My notes on Haskell

01 Aug 2024

Let and where
Haskell has no loop
Parametric polymorphism & list comprehension
Challenge: graph traversal
High-order functions & lambda
Currying & composition
Challenge: find prefixes
Challenge: Preorder traversal of Trie
Records
Typeclass is like interface
IO Action
Monad
Functor: fmap, <$>
Applicative Functor: <*>, pure
Challenge: Infinite fibonacci with DP
Strictness: thunks, seq, deepseq
GADT
Haskell Extensions
- Type Family

Let and where

module Main where 

-- let 
diff :: Integer -> Integer -> Integer
diff a b = let firstSmall = a < b 
               difference = a - b
              in 
                if firstSmall then - difference else difference


-- where 
diff2 :: Integer -> Integer -> Integer
diff2 a b = if firstSmall then - difference else difference
           where 
             firstSmall = a < b
             difference = a - b



main :: IO ()
-- main = print (diff 3 2)
main = print (diff 2 3)

Haskell has no loop

-- Recursion and guards
factorial :: Integer -> Integer
factorial n
    | n <= 1 = 1
    | otherwise = n * factorial (n - 1)


-- Tail recursive way
-- Note: tail recursive functions can be replaced by while loop thus avoiding potential stackoverflow
fact :: Integer -> Integer
fact n = accumulator n 1 
        where 
            accumulator n total 
                | n <= 1 = total 
                | otherwise = accumulator (n-1) (n * total)

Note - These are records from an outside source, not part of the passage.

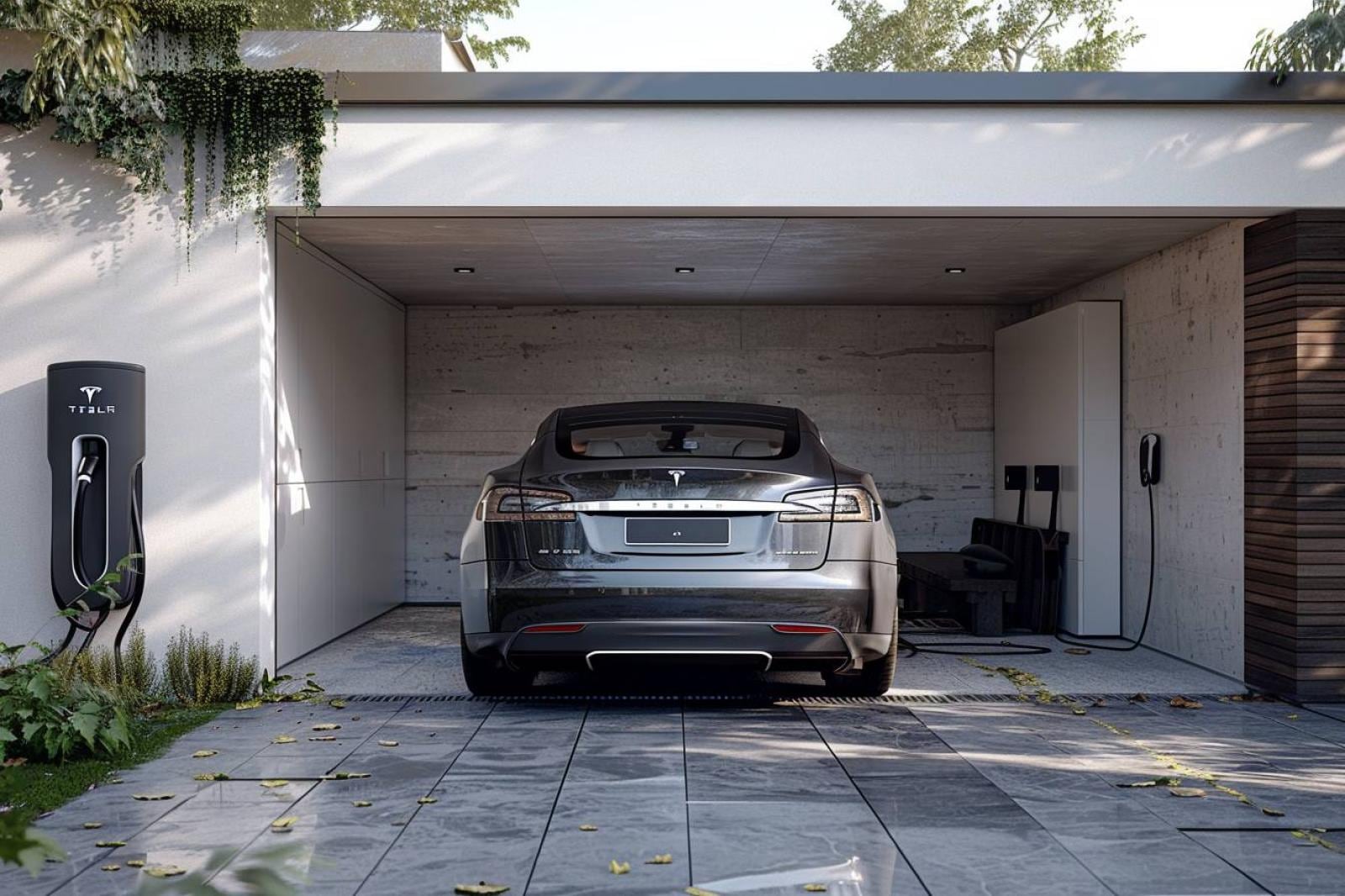 Tesla stationnée près d’une maison, écran central allumé et smartphone connecté dans l’habitacle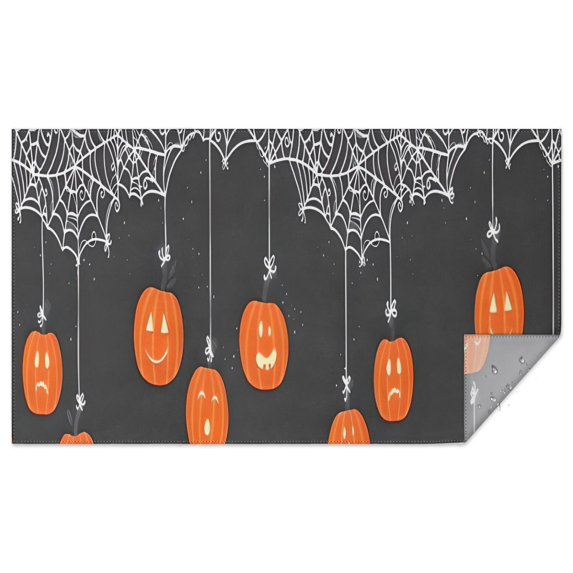Halloween Spider Web Hanging Pumpkins Rectangle Tablecloth 60"x102",Waterproof Polyester Rectangle Table Cloth, Wipeable Spillproof Polyester Tablecloth for Dining, Camping, Indoor and Outdoor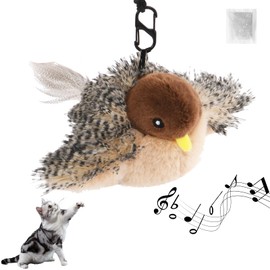 Aomig Cat Toy 4 Pieces Sparrow Electric Toy for Cats Interactive Toy for Pets with Catnip Real Wings and Bird Call Bird Cat Toys Automatic Toy (B)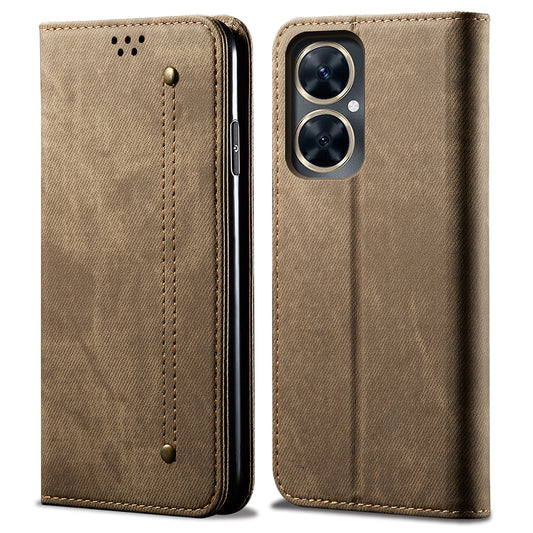 For Huawei Nova 11i / Maimang 20 / Enjoy 60 Pro PU Leather Case Stand Wallet Jeans Cloth Texture Phone Cover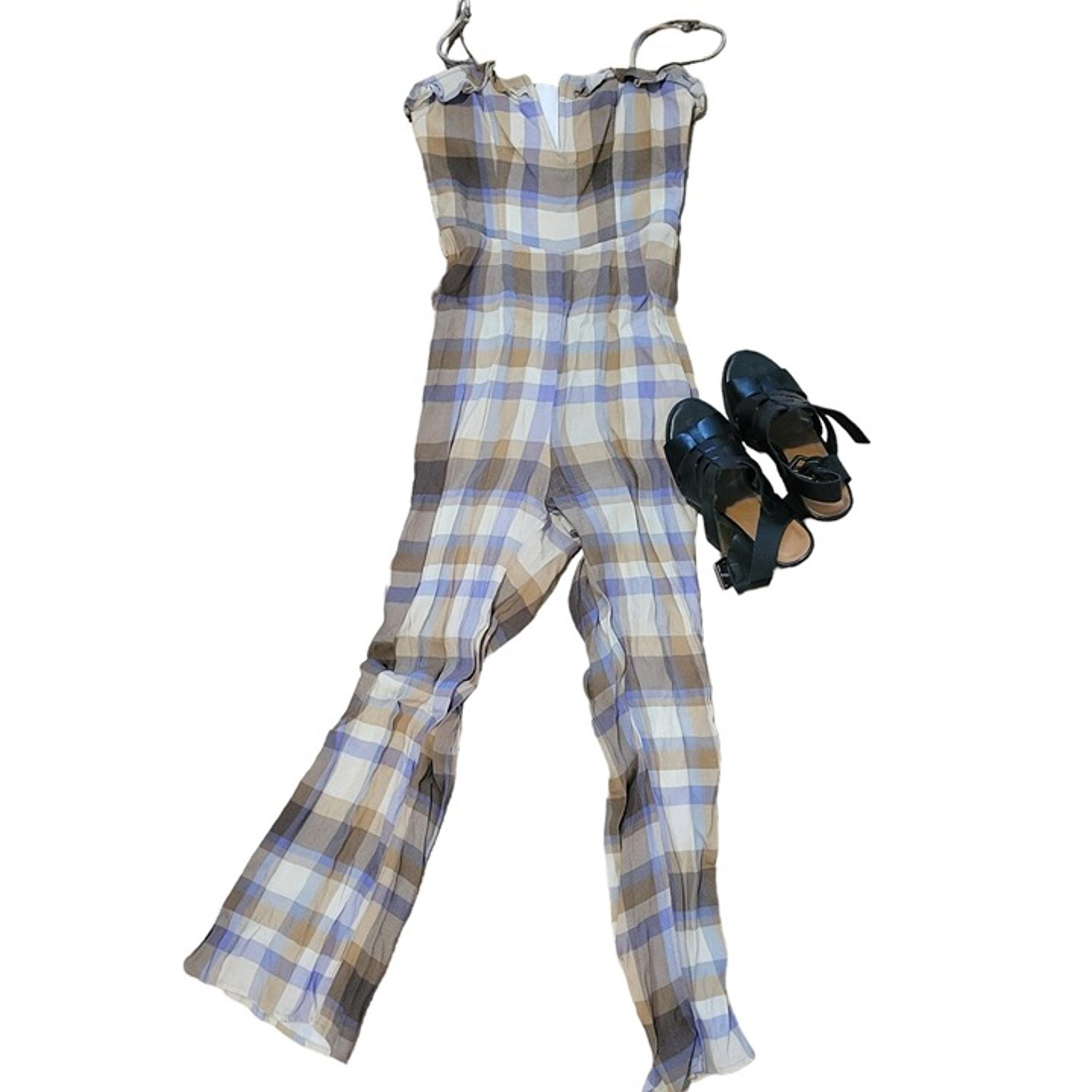 FLYNN SKYE plaid jumpsuit, size XS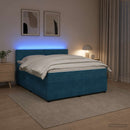 vidaXL Boxspring ágy matraccal fejtámlával Kék 140 x 200 cm Bársony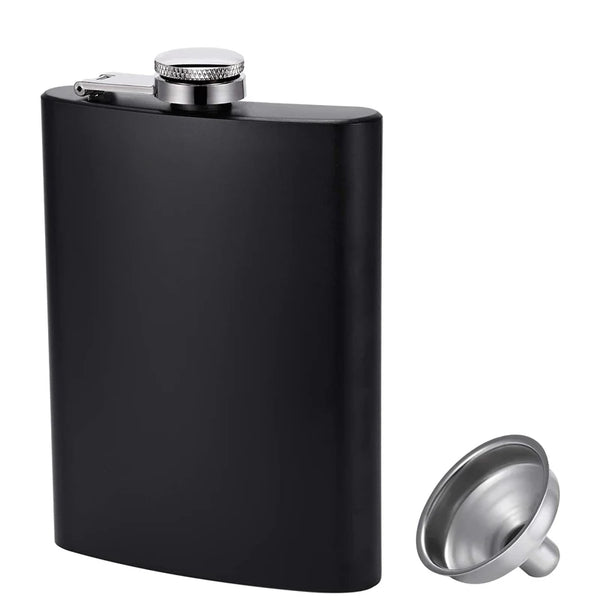 Matte black stainless steel hip flask with a metal funnel top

Parametric polymorphism & list comprehension

-- Cross product of lists with generic datatype
cross :: [a] -> [b] -> [(a, b)]
cross x y = [(i, j) | i <- x, j <- y]


-- Remove duplicates from the list
-- Parametric datatype a with Eq typeclass constraint
existsIn :: (Eq a) => a -> [a] -> Bool
existsIn _ [] = False 
existsIn a (x:xs) = (a == x) || (a `existsIn` xs)

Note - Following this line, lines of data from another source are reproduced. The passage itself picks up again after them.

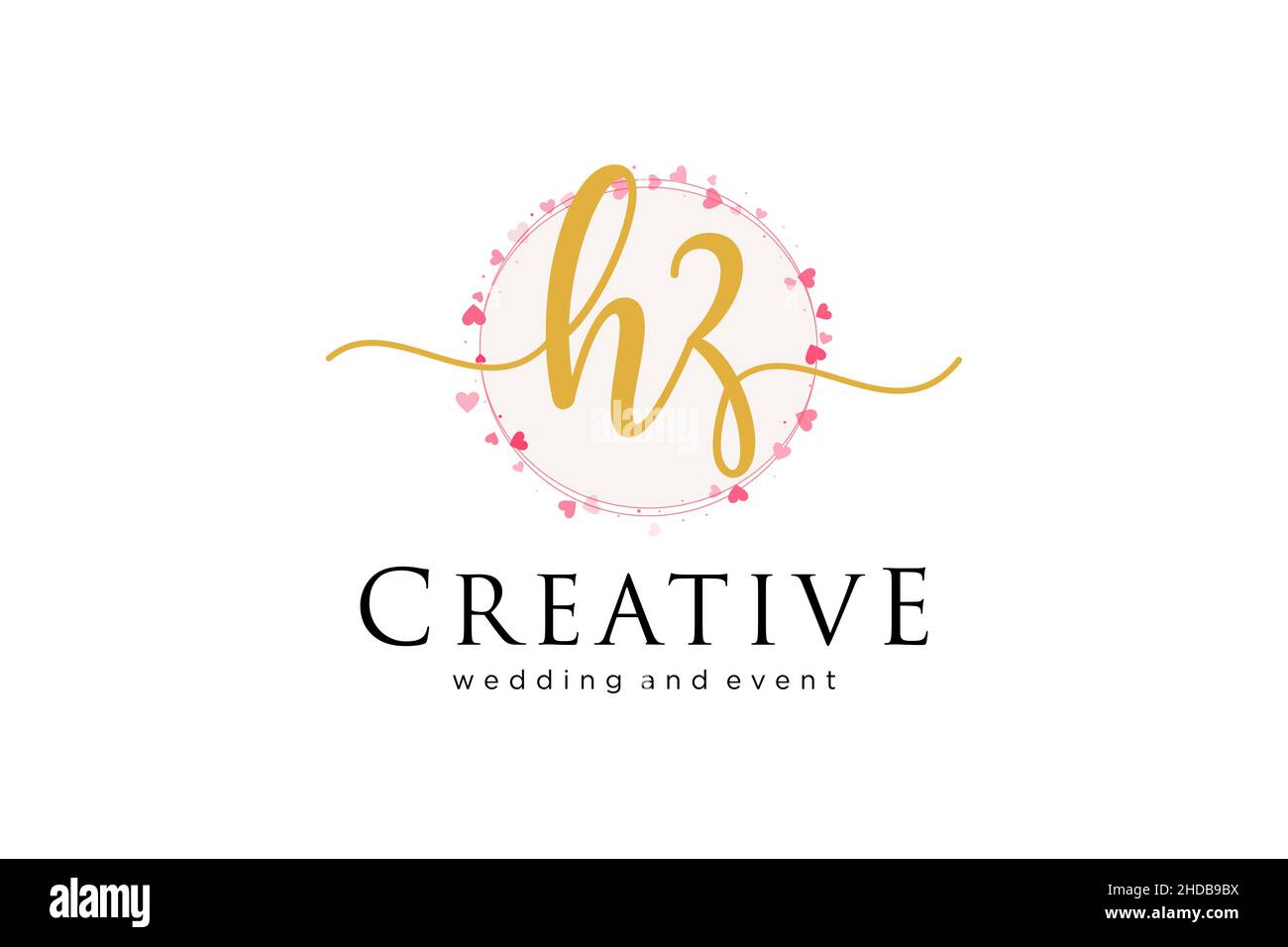 LOGO HZ féminin.Utilisable pour le logo pour la mode, la photographie, le mariage, la beauté, les affaires.Elément de modèle de logo Flat Vector. Illustration de Vecteur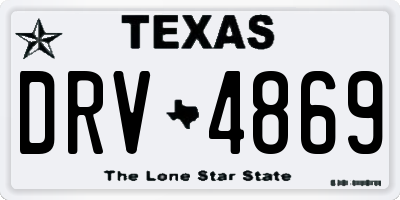 TX license plate DRV4869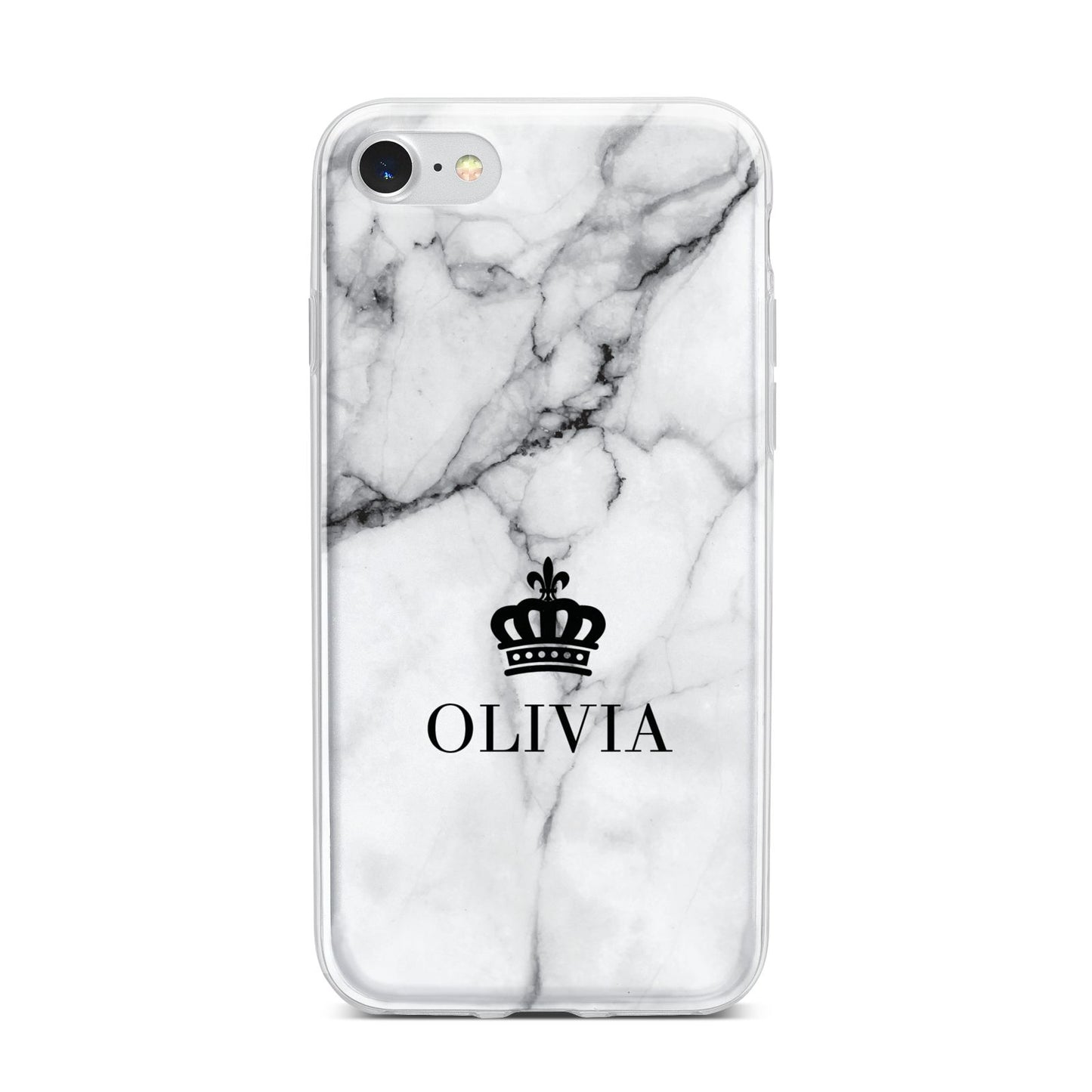 Personalised Marble Name Crown iPhone 7 Bumper Case on Silver iPhone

removeDuplicates :: (Eq a) => [a] -> [a]
removeDuplicates [] = []
removeDuplicates (x:xs)
    | x `existsIn` xs = removeDuplicates xs
    | otherwise = x : removeDuplicates xs

Challenge: graph traversal

-- Create a function 'hasPath' that determines
-- if a path from one node to another exists in the directed graph.

-- Graph is a list of edges where edge is a pair of nodes which indicates 
-- and existence of path from the first to the second.
-- Eg. in a graph [(1,2), (2,3)], there are directed edges from 1 to 2 and 2 to 3

hasPath :: [(Int, Int)] -> Int -> Int -> Bool
hasPath [] src dest = src == dest
hasPath xs src dest 
    | src == dest = True
    | otherwise = let connectingEdges = [(a,b) | (a,b) <- xs, a /= src]
                  in or [hasPath connectingEdges b dest | (a, b) <- xs, a == src]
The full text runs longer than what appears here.